29 avril 2009

La matinale de Martine Aubry

28 avril 2009

Changer l'Europe maintenant : les 100 premiers jours.

Vendredi 24 avril, l'ensemble des leaders des listes du PSE partout en Europe ont rendu public une déclaration commune, affichant 7 priorités. Une victoire de la gauche au Parlement européen le 7 juin permettrait donc, dans les 100 premiers jours de la législature, la mise en œuvre de 7 mesures pour lutter contre la récession et le chômage de masse et afin de préserver la cohésion sociale.


Déclaration adoptée à Toulouse le 24 avril 2009

Quels sont les enjeux ?

Les élections européennes du 4 au 7 juin seront fondamentales pour l'avenir des citoyens. Nous traversons la récession mondiale la plus grave depuis les années 1930 et le chômage pourrait frapper quelques 27 millions de salariés. En l’espace de deux ans, nous aurons perdu dix millions d'emplois, avec des conséquences sociales dramatiques pour les citoyens partout en Europe. De plus, nous sommes confrontés à une crise climatique mondiale et urgente et à une véritable crise humanitaire dans le monde en développement. L'Union européenne doit changer de cap sans plus attendre. C'est la raison pour laquelle nous demandons instamment aux citoyens européens de voter lors des élections européennes du 4 au 7 juin. Si vous ne votez pas, d'autres prendront les décisions à votre place.

Que voulons-nous?
Les socialistes, sociaux-démocrates et progressistes d'Europe veulent donner un nouveau sens à l'Europe, en mettant les citoyens d'abord. La droite nous dit: « Nous en avons déjà fait assez contre la crise, elle se sera bientôt finie. » Nous, nous disons: « Les gens n'ont pas à payer le prix de cette crise, ils n'en sont pas responsables. Cette crise n'est pas une fatalité: elle est la conséquence, de la cupidité et de l’irresponsabilité, et des excès des marchés financiers, ce qui nécessite une nouvelle règlementation. » Au Parlement européen, le PPE et la droite ont eu leur majorité. Nous voyons bien ce qu'ils en ont fait. C'est pourquoi notre objectif est de devenir le premier groupe au Parlement européen afin d'amener les changements fondamentaux dont l'Europe a si urgemment besoin.

Comment? Les cent premiers jours
Cette crise constitue un défi pour l’Europe, qui ne peut se permettre d’échouer. Nous avons besoin de nouveaux dirigeants pour l’Europe. Nous exigeons qu'au cours des cent premiers jours suivant les élections européennes, les 7 mesures suivantes soient prises afin de lutter contre la récession et le chômage de masse et afin de préserver la cohésion sociale :

  1. Un nouveau plan de relance renforcé pour l'Europe, avec des investissements coordonnés en matière d'emploi et de croissance verte. Nous, Parti Socialiste Européen, avons déjà proposé notre propre plan de relance européen, qui pourrait enrayer le chômage de masse et donner à l'Europe un nouvel élan.

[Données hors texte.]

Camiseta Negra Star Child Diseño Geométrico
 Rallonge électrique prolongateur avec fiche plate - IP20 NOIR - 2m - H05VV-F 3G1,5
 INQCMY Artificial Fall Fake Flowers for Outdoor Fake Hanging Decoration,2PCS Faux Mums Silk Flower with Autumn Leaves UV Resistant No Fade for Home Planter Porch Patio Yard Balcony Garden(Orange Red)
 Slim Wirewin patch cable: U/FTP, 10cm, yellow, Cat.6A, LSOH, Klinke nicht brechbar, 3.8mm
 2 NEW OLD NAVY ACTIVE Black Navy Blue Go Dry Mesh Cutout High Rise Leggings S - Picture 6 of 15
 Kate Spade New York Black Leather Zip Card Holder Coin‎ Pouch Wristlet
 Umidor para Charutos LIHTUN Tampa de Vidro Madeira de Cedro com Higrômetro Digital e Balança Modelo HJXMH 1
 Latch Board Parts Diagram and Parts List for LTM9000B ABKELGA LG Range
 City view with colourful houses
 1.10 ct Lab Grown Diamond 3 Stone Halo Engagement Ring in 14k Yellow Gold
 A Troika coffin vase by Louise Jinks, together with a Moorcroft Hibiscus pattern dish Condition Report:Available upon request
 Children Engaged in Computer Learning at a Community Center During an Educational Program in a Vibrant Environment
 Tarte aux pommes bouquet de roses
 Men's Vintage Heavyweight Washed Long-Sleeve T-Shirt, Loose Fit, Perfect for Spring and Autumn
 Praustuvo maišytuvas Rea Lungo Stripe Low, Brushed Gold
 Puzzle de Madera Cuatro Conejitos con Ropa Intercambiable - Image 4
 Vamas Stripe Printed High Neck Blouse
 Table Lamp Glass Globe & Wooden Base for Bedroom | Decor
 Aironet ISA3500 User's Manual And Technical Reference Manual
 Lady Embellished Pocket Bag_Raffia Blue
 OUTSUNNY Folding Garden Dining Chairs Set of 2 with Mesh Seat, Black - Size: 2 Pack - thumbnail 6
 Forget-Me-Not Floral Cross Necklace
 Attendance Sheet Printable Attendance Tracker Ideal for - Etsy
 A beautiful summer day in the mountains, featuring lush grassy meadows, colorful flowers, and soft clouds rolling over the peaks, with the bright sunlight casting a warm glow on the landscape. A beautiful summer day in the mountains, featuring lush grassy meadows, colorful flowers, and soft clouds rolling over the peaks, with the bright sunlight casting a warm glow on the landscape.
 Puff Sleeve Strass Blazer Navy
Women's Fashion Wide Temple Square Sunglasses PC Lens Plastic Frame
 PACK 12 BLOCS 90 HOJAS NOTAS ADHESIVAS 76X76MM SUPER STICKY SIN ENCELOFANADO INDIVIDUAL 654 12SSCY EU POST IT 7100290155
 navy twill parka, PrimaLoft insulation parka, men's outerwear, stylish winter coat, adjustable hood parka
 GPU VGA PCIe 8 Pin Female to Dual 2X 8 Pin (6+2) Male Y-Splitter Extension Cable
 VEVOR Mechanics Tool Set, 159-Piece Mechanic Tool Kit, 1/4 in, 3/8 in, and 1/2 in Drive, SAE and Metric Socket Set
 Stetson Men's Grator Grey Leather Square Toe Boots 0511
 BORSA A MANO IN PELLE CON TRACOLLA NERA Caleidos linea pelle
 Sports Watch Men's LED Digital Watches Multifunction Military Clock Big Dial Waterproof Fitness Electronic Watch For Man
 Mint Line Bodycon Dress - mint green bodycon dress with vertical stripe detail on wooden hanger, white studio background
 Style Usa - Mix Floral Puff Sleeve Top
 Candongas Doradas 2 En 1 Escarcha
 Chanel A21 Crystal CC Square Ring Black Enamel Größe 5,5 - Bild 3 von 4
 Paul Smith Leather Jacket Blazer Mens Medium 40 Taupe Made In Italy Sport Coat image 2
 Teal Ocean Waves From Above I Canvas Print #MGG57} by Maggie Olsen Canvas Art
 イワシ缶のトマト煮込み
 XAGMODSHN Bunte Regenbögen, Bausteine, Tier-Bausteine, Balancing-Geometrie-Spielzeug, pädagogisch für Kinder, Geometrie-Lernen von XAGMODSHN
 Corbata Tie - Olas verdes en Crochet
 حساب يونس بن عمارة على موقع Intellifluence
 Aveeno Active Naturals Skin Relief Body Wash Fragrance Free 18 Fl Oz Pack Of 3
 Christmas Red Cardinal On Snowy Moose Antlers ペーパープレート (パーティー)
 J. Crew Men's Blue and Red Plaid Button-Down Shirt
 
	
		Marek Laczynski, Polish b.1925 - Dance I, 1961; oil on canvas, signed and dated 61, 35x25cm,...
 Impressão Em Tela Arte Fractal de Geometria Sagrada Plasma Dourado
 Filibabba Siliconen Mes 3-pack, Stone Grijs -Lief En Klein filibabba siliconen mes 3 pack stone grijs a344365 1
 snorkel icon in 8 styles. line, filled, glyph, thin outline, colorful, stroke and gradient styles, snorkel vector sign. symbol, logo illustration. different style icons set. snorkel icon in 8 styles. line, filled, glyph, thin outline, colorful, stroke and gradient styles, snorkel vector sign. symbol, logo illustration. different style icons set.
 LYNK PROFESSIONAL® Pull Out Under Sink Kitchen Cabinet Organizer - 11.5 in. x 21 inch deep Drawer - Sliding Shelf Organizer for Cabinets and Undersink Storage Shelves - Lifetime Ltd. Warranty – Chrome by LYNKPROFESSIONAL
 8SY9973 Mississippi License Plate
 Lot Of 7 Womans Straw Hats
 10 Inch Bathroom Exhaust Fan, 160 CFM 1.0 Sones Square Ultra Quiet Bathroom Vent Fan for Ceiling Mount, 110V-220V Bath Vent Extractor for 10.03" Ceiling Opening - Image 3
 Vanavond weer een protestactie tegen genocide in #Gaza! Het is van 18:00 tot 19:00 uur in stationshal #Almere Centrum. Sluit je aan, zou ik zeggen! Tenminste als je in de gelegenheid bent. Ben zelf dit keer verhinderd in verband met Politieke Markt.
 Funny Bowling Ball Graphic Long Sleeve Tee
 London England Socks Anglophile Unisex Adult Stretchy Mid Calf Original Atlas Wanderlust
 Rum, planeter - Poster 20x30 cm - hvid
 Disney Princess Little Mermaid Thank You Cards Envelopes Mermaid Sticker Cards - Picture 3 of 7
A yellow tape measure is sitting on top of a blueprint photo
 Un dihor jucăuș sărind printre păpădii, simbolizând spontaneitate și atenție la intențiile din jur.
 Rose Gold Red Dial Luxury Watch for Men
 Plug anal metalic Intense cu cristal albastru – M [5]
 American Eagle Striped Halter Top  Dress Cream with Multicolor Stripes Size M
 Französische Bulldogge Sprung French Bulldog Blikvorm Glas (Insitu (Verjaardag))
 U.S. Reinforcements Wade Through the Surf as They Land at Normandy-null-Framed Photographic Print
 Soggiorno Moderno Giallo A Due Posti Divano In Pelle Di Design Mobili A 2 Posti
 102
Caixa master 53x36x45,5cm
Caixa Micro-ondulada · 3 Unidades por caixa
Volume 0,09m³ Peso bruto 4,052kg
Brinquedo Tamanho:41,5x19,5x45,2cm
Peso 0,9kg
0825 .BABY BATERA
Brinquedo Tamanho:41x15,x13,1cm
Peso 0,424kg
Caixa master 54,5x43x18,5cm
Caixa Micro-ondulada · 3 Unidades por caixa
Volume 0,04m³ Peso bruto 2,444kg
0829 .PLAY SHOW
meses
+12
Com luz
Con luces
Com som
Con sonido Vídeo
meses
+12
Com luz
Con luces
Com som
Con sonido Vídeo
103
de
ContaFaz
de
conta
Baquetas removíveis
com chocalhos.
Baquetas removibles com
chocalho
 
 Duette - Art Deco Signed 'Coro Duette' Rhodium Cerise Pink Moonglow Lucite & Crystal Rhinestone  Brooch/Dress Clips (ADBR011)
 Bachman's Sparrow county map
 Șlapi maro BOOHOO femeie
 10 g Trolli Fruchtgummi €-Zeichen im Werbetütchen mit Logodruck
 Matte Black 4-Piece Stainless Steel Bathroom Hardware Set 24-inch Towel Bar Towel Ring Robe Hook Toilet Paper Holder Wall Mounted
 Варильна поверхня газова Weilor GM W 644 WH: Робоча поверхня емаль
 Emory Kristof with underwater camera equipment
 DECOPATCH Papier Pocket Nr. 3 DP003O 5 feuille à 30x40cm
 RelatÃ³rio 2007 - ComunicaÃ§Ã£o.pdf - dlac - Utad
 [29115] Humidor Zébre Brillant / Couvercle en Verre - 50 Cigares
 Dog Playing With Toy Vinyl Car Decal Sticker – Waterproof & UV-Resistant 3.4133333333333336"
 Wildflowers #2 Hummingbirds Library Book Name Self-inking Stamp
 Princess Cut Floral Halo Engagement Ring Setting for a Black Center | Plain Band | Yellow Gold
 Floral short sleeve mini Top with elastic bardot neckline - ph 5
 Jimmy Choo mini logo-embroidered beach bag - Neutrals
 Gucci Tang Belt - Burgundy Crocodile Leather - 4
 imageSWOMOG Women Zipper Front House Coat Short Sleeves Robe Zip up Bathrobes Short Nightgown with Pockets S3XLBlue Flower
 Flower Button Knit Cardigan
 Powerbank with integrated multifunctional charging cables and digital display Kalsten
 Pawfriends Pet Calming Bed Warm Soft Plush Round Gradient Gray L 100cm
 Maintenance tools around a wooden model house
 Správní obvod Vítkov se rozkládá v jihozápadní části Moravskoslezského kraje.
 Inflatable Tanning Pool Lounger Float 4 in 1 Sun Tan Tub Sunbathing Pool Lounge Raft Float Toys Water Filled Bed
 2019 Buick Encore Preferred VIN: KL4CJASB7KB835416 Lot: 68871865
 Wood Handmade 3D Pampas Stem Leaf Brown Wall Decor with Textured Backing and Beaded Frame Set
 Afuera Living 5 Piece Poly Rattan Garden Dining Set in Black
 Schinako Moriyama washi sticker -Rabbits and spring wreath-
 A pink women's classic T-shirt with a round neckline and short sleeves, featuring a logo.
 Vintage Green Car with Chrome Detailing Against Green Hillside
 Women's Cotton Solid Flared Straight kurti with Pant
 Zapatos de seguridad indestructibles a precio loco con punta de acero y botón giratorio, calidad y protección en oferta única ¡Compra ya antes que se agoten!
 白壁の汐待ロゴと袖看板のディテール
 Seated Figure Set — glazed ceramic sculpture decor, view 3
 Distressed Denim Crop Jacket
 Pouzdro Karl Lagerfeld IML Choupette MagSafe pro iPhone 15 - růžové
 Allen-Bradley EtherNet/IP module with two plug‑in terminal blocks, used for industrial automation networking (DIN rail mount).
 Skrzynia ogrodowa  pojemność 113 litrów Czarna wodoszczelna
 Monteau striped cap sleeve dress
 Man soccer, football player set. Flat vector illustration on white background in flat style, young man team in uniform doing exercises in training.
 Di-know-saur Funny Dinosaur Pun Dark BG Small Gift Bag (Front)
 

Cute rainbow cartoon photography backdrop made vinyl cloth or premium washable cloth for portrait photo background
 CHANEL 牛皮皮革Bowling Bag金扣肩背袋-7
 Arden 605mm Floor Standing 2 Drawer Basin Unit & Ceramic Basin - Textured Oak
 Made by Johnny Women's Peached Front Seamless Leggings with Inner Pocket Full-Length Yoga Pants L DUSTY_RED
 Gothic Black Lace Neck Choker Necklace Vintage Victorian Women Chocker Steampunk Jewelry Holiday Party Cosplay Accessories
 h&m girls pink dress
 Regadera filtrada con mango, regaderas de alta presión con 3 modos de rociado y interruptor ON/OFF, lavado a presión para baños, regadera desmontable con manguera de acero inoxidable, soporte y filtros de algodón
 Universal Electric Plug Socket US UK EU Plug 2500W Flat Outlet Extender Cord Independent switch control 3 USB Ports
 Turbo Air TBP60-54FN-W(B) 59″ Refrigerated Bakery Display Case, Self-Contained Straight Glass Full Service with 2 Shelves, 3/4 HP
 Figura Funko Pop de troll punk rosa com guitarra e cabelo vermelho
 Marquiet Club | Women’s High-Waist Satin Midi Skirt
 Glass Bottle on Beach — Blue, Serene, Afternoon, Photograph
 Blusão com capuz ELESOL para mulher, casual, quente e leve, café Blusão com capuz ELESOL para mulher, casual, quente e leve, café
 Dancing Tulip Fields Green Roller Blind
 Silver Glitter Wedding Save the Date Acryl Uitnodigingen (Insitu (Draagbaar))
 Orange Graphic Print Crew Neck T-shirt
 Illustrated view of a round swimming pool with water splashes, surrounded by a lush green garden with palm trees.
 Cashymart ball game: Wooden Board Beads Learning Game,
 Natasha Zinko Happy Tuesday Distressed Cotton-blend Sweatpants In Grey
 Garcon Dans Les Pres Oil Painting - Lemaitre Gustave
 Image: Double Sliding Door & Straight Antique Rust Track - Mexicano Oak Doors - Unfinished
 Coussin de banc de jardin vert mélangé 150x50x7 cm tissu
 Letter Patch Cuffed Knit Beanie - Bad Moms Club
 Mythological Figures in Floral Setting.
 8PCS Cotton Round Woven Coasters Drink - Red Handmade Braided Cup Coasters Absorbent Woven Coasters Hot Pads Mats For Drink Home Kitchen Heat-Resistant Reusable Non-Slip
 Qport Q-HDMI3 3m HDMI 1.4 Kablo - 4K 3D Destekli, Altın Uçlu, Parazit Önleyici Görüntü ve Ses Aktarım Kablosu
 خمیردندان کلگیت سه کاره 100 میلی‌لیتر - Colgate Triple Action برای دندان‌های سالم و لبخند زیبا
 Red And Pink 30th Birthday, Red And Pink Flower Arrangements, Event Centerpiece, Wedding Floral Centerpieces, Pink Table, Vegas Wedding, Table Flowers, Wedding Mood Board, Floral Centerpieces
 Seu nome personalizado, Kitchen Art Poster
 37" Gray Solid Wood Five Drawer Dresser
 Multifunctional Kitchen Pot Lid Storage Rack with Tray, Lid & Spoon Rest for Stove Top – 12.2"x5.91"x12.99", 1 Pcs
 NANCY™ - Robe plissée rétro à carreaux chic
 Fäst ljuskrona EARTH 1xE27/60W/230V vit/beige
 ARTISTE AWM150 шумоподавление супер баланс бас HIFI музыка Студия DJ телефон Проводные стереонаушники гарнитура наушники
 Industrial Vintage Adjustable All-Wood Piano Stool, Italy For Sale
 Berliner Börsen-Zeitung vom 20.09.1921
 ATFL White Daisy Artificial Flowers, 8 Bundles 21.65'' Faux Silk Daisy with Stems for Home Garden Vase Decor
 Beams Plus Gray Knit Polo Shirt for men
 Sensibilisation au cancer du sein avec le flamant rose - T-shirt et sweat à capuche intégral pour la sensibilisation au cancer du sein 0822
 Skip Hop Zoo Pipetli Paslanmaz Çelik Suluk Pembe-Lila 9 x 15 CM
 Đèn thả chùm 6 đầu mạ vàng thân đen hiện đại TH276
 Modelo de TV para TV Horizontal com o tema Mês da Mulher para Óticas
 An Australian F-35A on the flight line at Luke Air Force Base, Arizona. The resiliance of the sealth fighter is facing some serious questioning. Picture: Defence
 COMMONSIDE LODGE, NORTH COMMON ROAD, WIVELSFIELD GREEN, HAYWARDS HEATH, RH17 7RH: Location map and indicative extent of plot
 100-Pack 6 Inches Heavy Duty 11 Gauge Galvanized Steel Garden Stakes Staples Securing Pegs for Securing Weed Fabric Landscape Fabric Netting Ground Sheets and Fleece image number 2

  2. Un Pacte européen pour l'emploi afin de préserver l’emploi, de créer de nouveaux emplois de qualité, de lutter contre le chômage de masse et de renforcer les droits des travailleurs, les conditions de travail et l'égalité de salaires. Une attention particulière doit être apportée au chômage des jeunes. L'Europe n'est pas une société de marché, mais bien une économie sociale de marché. Les droits sociaux fondamentaux doivent être garantis. Ces droits, notamment le droit à une libre négociation collective et les droits syndicaux, doivent primer sur le marché unique et les libertés économiques. La liberté de mouvement des travailleurs, y compris leur détachement, doit se fonder sur le principe suivant: à travail égal, salaire et conditions de travail égaux dans une même entreprise.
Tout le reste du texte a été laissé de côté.